Anselm licked his lips as if they were chapped and dry. “I’m concerned we’ve pushed Camilla into the deep end.”

“Of course we’ve pushed her into the deep end. That’s the point of the brief. Where the fuck is this coming from all of a sudden?”

“I got a call from Hunter.”

Finnerman grunted. “Hunter!”

The wine came, the waiter uncorked it, went through what Anselm felt was the pretentious and boring ritual of smelling the bottom of the cork, pouring a bit into Finnerman’s glass, watching indulgently while Finnerman swirled the wine around, smelled it, swirled some more, then tasted it. Anselm began to grind his teeth.

“I know what you think of her,” Anselm said when they were alone again, “but she’s the best horse trainer at the Dairy.”

“Also our best butch since Janet Napolitano.”

Anselm picked up his glass and took a nice swig of the wine, which was refreshing but a bit too mineral for his taste. “You know what they say about hard-core homophobes.”

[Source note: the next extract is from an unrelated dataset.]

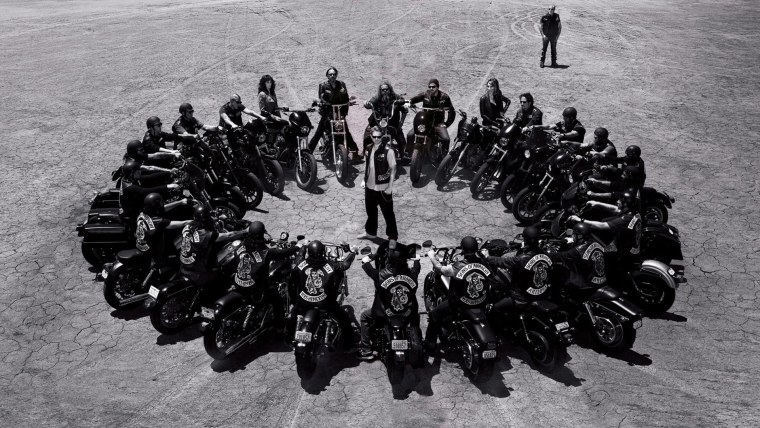 Байкеры сыны анархии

“I do,” Finnerman said, “but don’t let that stop you from telling me.”

“Any boys in your closet, Marty?”

“Very funny,” Finnerman said sourly.

Anselm set his glass down. “I’m not kidding. If there is one you’d best fess up now so we can deal with it before it stains POTUS.”

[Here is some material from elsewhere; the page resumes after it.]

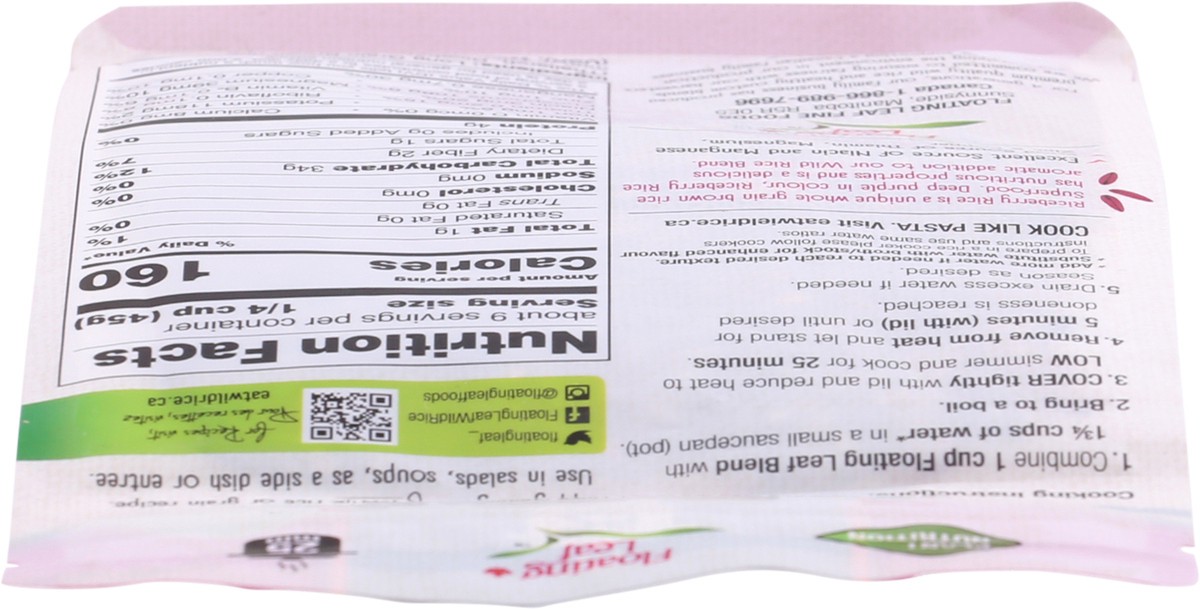 slide 9 of 11, Floating Leaf Wild Rice Blend 14 oz Pouch, 14 oz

“Stop it,” Finnerman said tartly.

“I know, you don’t allow homos in the Pentagon. What? You have a machine at the entrance that—”

“For Christ’s sake, enough!”

“Then give a serious listen when I voice some concern about our plan.”

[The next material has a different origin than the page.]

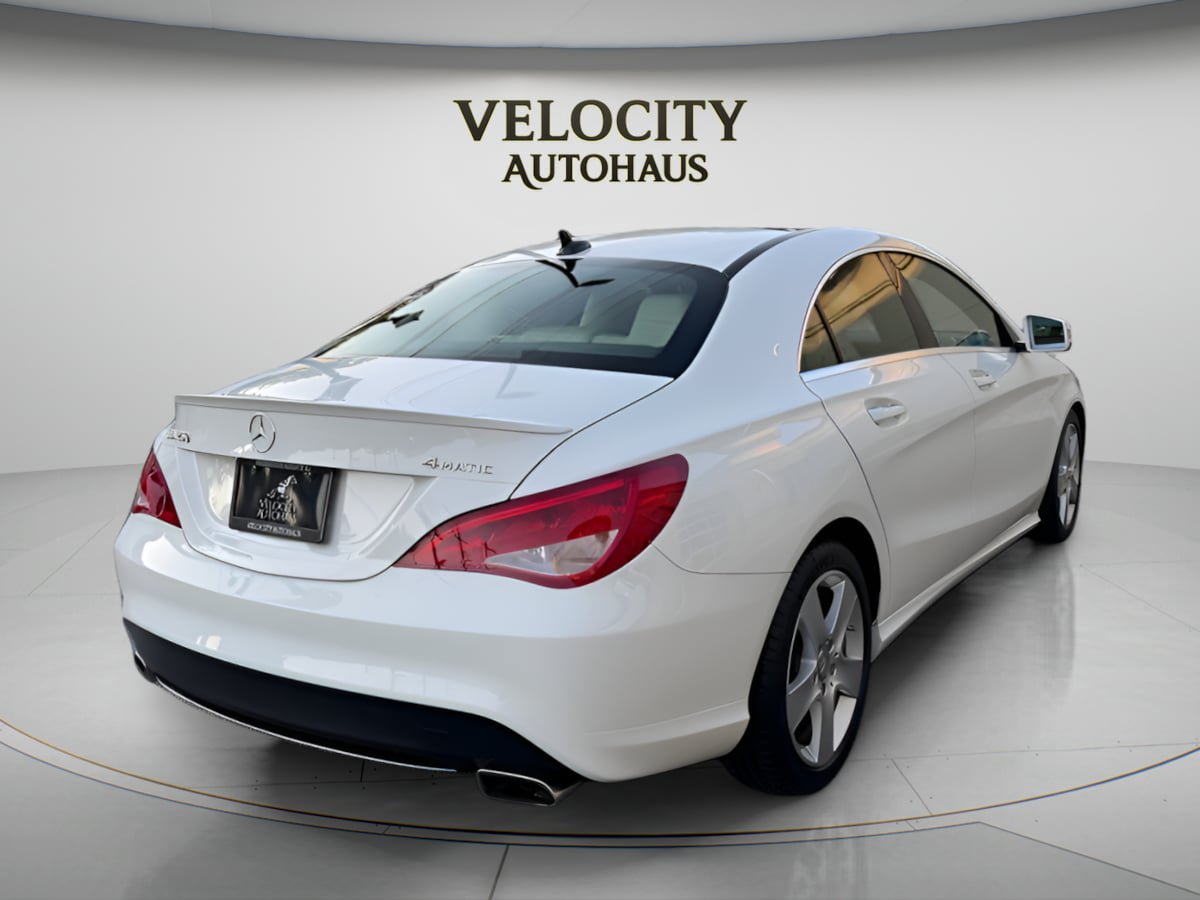 Used 2016 Mercedes-Benz CLA 250 4MATIC image 7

The first course was laid out before them: gleaming stone crab claws set amid a profusion of micro-greens.

“Okay, okay.” Finnerman reached for the nutcracker that had been delivered with the claws. “Christ almighty, Howard.” He split apart a claw with uncommon violence.

Across from him, Anselm allowed himself a secret smile.

“My concern is for the aftermath.”

“The aftermath?”

“Hunter told me that Camilla is exceeding all expectations.”

“So?”

“What if she survives?” he said.

Finnerman dipped a chunk of pink-white flesh into a small bowl of drawn butter. “The way we set things up that’s not possible.”

“But what if she does?”

Finnerman sighed. “If you don’t get to the point soon I’ll be too old to understand it.”

“We need to enlarge the dinger’s brief,” Anselm said, using the accepted marine slang for a crack marksman.

Finnerman bisected the piece of flesh in a mincing bite. “In what way?”

“He’s to dispatch both of them—Bourne
and
Camilla.”

Finnerman, chewing meditatively, stared hard at Anselm. “You’re not joking.”

“You know me better than that, Marty.”

Slowly and deliberately, Finnerman set down his fork. He waved away the waiter who was coming to ask how they were enjoying their stone crab claws. “Well, fuck me.”

“It has to be done,” Anselm said, “when you consider the big picture.”

Finnerman sat back. “The big picture is the threat assessment we got from our old friends at Gravenhurst. The entire structure of POTUS’s initiative toward the peace summit in Singapore is built on their product.”

“I’m talking POTUS and the girl.”

“Oh, for shit’s sake, Howard, the girl’s a minor graft onto the larger scheme of things.”

Anselm’s eyes were glittering. “She’s a constant temptation. And you know POTUS.”

Finnerman’s mood had turned distinctly gloomy. “I know as you see it your primary job is to keep POTUS from all temptation, but dammit, you’ve got to keep your eye on the bigger prize.”

“And yet it’s always the small things that put a spanner in the works, as our Brit cousins like to say. That was why I chose Camilla for this brief: Get her out of D.C., put her in a dangerous position, let her self-destruct.” Anselm, warming to his thesis, completely ignored his food. “But after Hunter’s call I got to thinking: What if Camilla doesn’t self-destruct? Why, then we need someone on-site to make certain she never returns to D.C.”

“The dinger.”

Anselm nodded. “The dinger will leave her in the dust.”

“And there’s no other way?” Finnerman knew there was no other way, but he was the kind of person who needed reassurance.

“Not if we want to be sure to close the circle,” Anselm said. “Not if we want to keep POTUS safe.”

“You really are the limit, Howard.”

“You know I’m right.”

Anselm took up his fork and began to attack his crab claws. Soon enough, Finnerman joined him.